▸ Data in this exercise
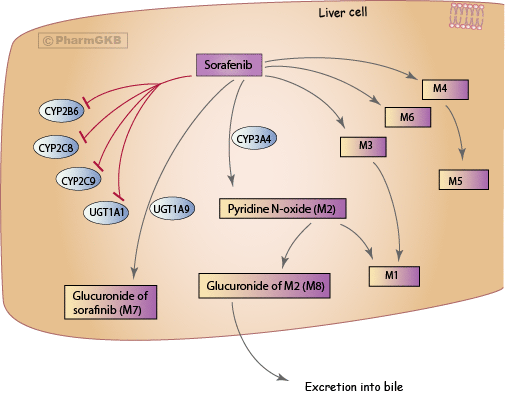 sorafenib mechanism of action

...

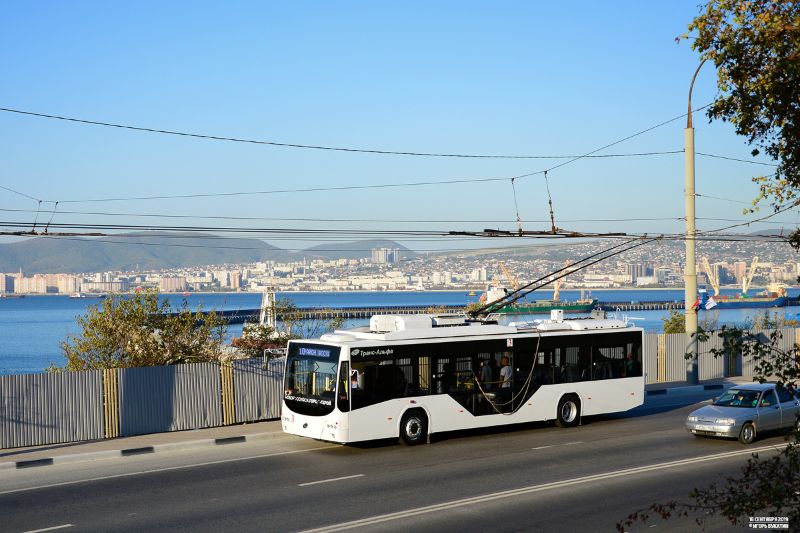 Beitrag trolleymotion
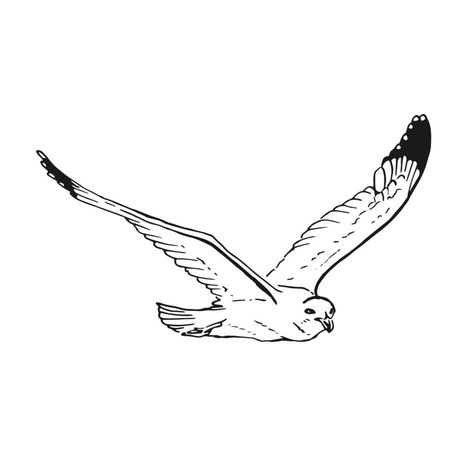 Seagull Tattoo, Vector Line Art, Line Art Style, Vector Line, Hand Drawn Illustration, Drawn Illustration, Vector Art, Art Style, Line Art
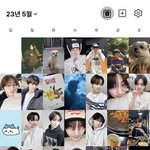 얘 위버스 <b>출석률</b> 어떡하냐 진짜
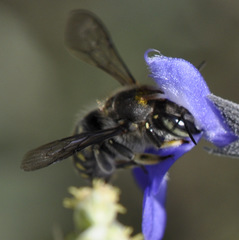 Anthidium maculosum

▸ Problem statement
Leaving out each picture, repeat exactly the lines above from the one that contains "Seagull Tattoo, Vector" through the one that contains "Anthidium maculosum".

▸ Output for this task
 Seagull Tattoo, Vector Line Art, Line Art Style, Vector Line, Hand Drawn Illustration, Drawn Illustration, Vector Art, Art Style, Line Art
 얘 위버스 <b>출석률</b> 어떡하냐 진짜
 Anthidium maculosum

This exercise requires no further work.